◆ **TASK DIRECTIONS**: Exactly reproduce the lines from the one holding "When the structures" through the end of the records, including both boundary lines but no pictures.

-- DATA EXTRACT follows --

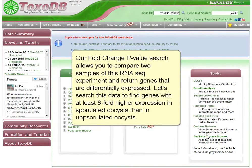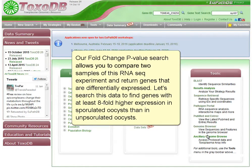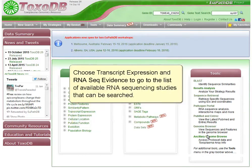Our fold change p-value search allows you to compare two samples of this RNA-seq experiment and return genes that are differentially expressed. Let's search this data to find genes with at least eight-fold higher expression in sporulated oocysts than in unsporulated oocysts.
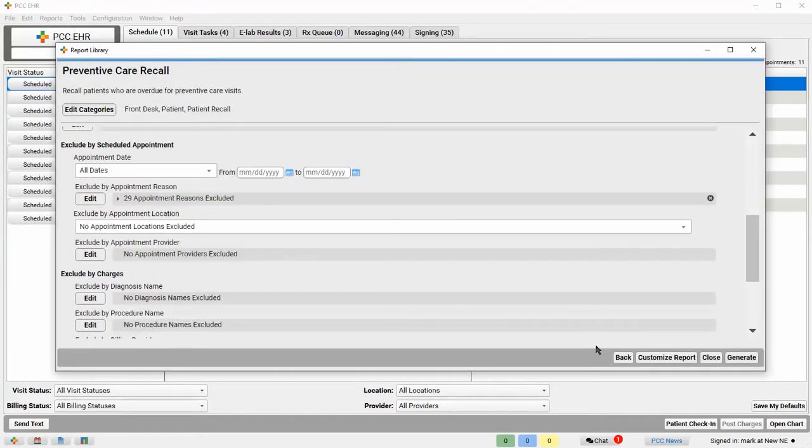There are other ways to refine this report. I could exclude patients with specific diagnoses, or by billing provider or location, but for my needs this looks good, so I'll click Generate.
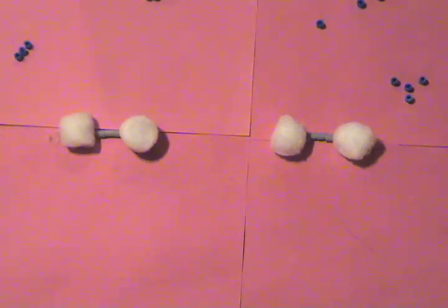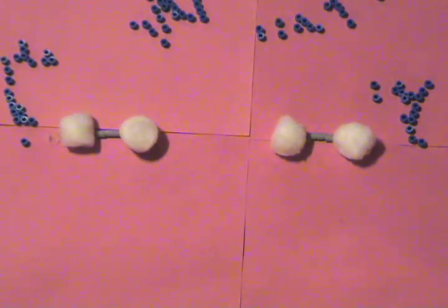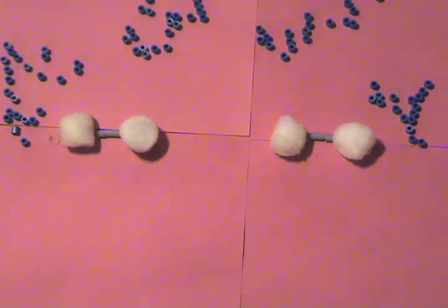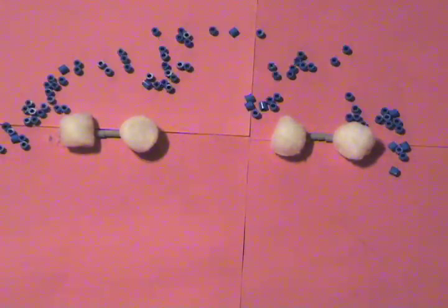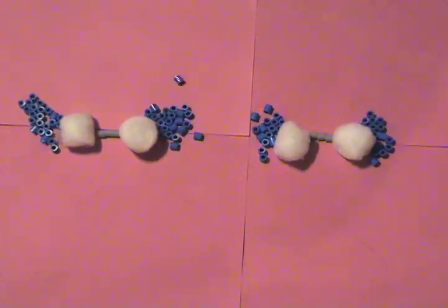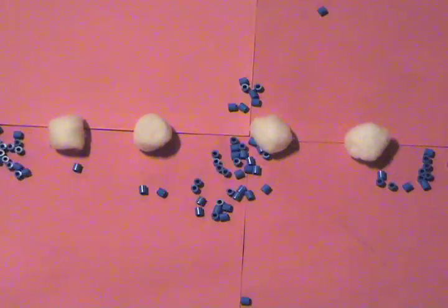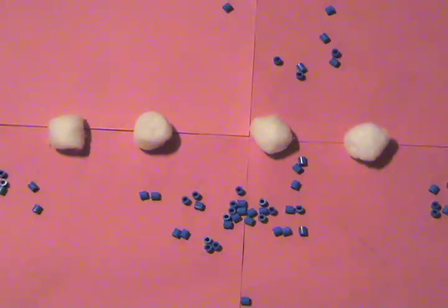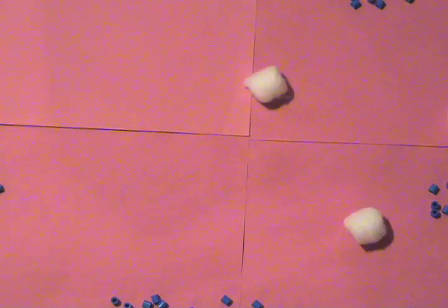The starches are broken down further in the small intestine where the enzyme maltase breaks the maltose disaccharide into the monosaccharide glucose molecule, which is a simple sugar. These molecules are then absorbed through the walls of the small intestine.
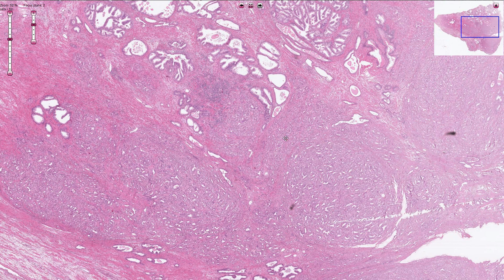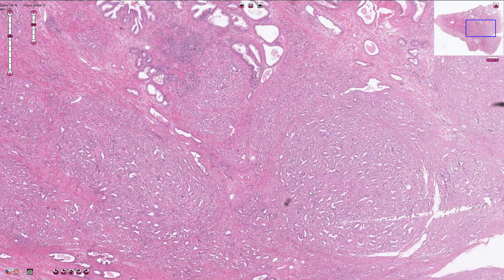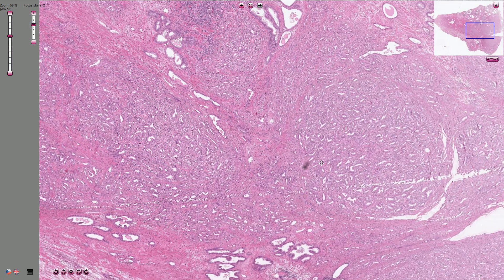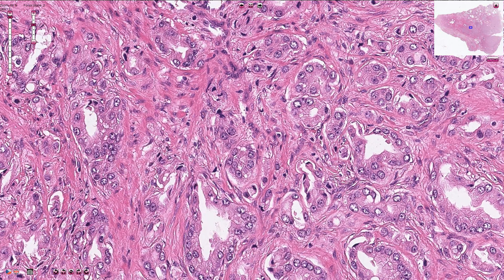The malignant component here is composed of densely packed, back-to-back small glands or acini. On higher magnification we can see that these small acini are composed of just one layer of acinar cells, without the layer of basal cells, unlike normal benign prostatic acini. The acini are very close to one another — this is also called back-to-back glands.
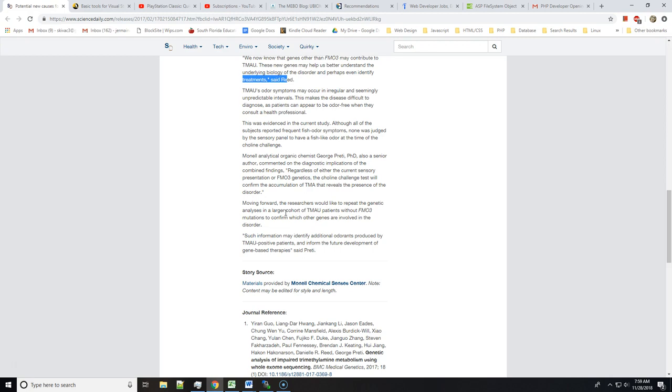So that was interesting - different genes that might contribute to you having unpleasant odor. I would love to be a participant in that. I do want to take some type of choline test again, but at the moment I don't have any health insurance, so I don't want to spend like hundreds of dollars going to a specialist.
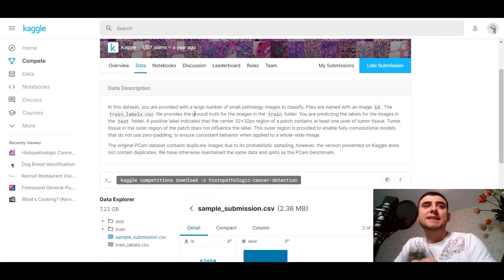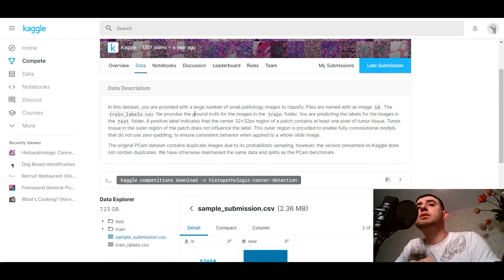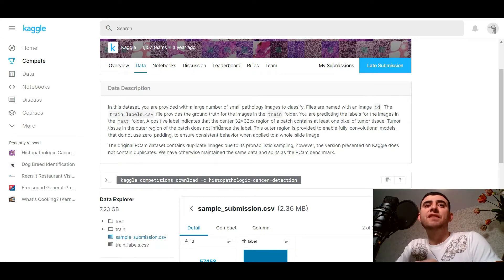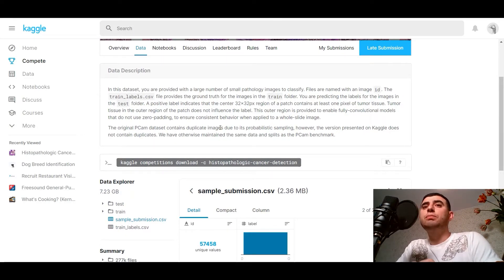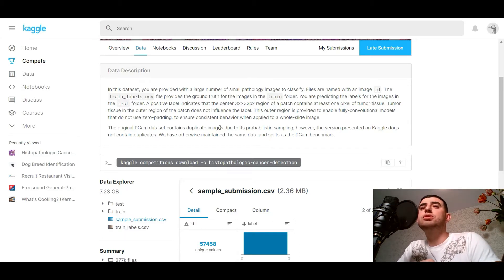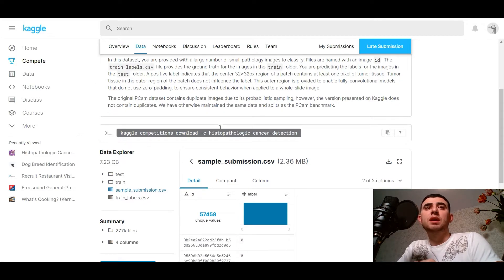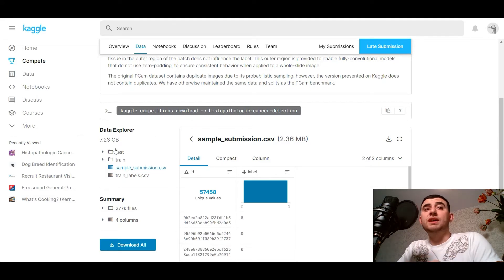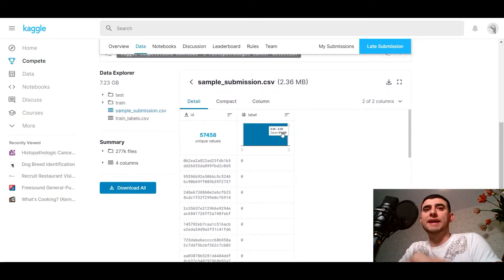Let's look inside the data. In this dataset you are provided with a large number of small pathology images to classify. Files are named with an image ID, and the train_labels CSV file provides the ground truth for the images in the train folder. You are predicting the labels for the images in the test folder. A positive label indicates that the center 32x32 pixel region of a patch contains at least one pixel of tumor tissue. Tumor tissue in the outer region of the patch doesn't influence the label. This outer region is provided to enable fully convolutional models that don't use zero padding. We've got test images, train images, and a sample submission CSV with labels and file names.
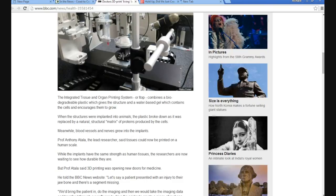When the structures were implanted on animals, plastic broke down as it was replaced by a natural structural matrix of proteins produced by the cells. Meanwhile, blood vessels and nerves grew into the implants.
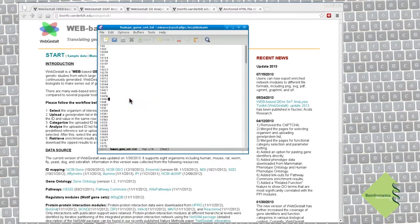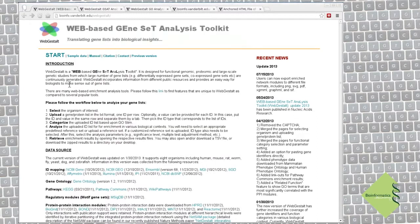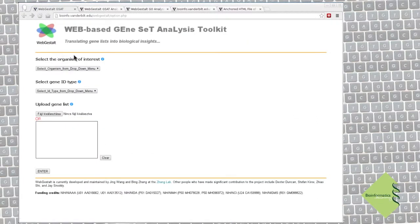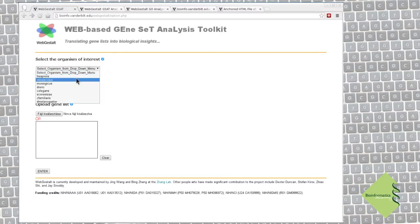Let's go to the WebGestart website. We start the analysis by clicking on the start link. On the first page, we have to say what organism we are interested in. Of course, we have human genes.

-- DATA EXTRACT concluded --

◆ **TASK RESULT**:
When the structures were implanted on animals, plastic broke down as it was replaced by a natural structural matrix of proteins produced by the cells. Meanwhile, blood vessels and nerves grew into the implants.
Let's go to the WebGestart website. We start the analysis by clicking on the start link. On the first page, we have to say what organism we are interested in. Of course, we have human genes.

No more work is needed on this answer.